1
votes

I'm developing a application that needs a cron to be executed every minute and a second. I mean, I need to run a software every 01:01min (or 61 seconds).

I already read some stuff about cron's and I also used some good online generators to get a lot of useful cron, but I didn't know how I can generate this one. Check what I've read until the moment:

Please, can someone help me create this cron?

3
There's alson man 5 crontab. I think you would get what you want with 1 * * * * - spelufo
No, thats every hour and a minute. What you could do is run every minute, and have your process be sleep 1 && whatever. - spelufo
cron only does 1-minute resolution. It can't do what you want to do, at least not directly. Is there some reason you can't use something other than cron? - Keith Thompson

3 Answers

2
votes

Cron can't do this. It only handles 1-minute resolutions. You can use sleep to run a command a specified number of seconds after HH:MM:00, but it can't run a command every 61 seconds.

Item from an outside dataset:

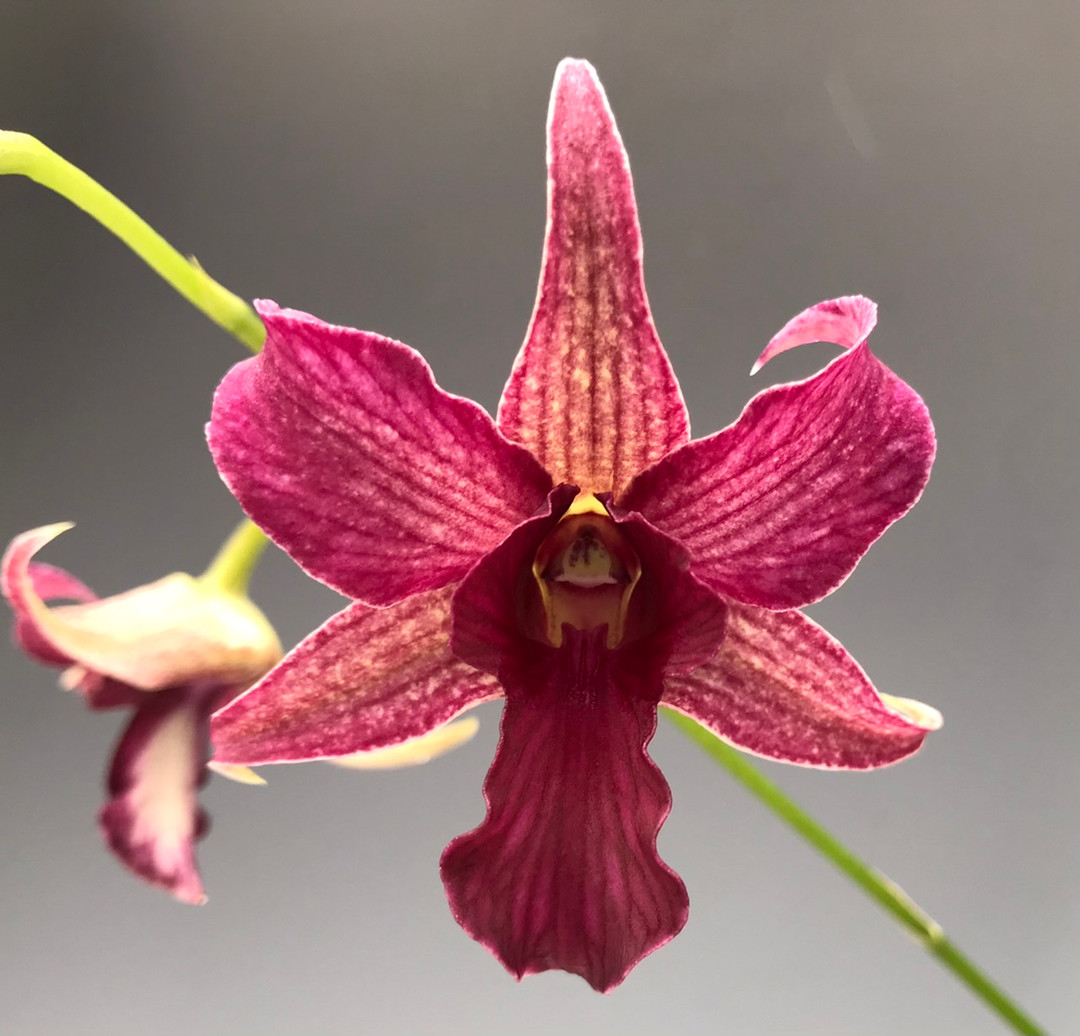 Dendrobium Hawaii Spectacular (Big Alex x spectabile) - OrchidWeb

Here's a Perl script that should do what you want:

#!/usr/bin/perl

use strict;
use warnings;

my @command = @ARGV;

while (1) {
    sleep 61 - time % 61;
    system @command;
}

The sleep call sleeps until the value of time() reaches the next multiple of 61 seconds (measured since the epoch, 1970-01-01 00:00:00 UTC).

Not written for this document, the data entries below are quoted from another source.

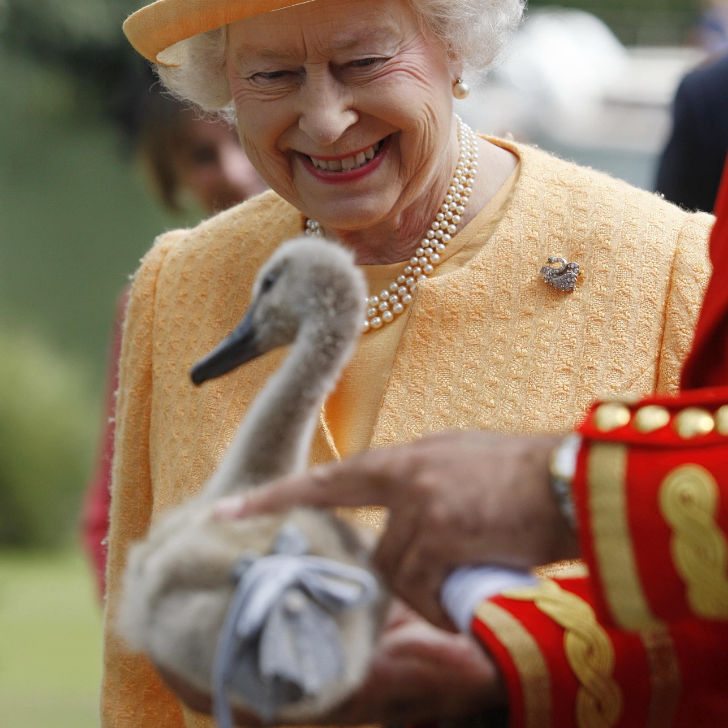 英國女王相當喜愛天鵝。（法新社）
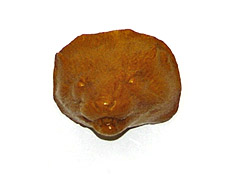mink death mask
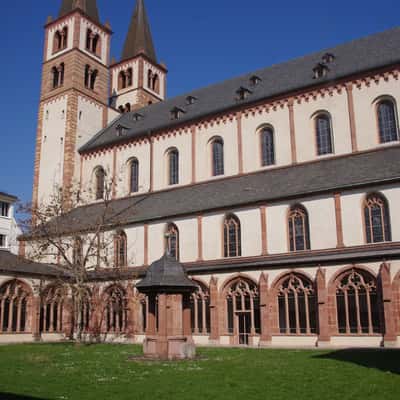 Würzburg Cathedral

Unlike crontab, this script won't continue running across reboots unless you do something to restart it. If you're using Vixie cron, you can use a a @reboot cron job to restart it.

Also unlike crontab, if the command takes longer than 61 seconds to run, the next iteration will be quietly skipped. (That might be a desirable feature).

1
votes

Try something like:

*/1 * * * *    sleep 1; mycommand 
^^                ^^
every minute   one second
1
votes

A normal cron will fail with de leap-second: 00:01:01 / 00:02:02 / 00:03:03 / .. / 00:59:59 / 01:01:00 / ..

Cron is nice, so do not change it for a complete new solution. Add support in your script

check_program_not_already_running
if [ -f ${SLEEPFILE} ]; then
   sleepsecs=$(cat ${SLEEPFILE})
   (( sleepsecs = sleepsecs + 1 ))
   sleep ${sleepsecs}
else
   sleep 1
   sleepsecs = 2
fi
echo ${sleepsecs} > ${SLEEPFILE}
do_your_thing

check_program_not_already_running: You must do something (pidfile / ps / smart cron schedule) to make sure that after 59 runs still only 1 process is sleeping.

Optimize: When ${sleepsecs} = 60, reset the counters and skip 1 run.

Design: What happens the second day? Restart or keep counting with the script above?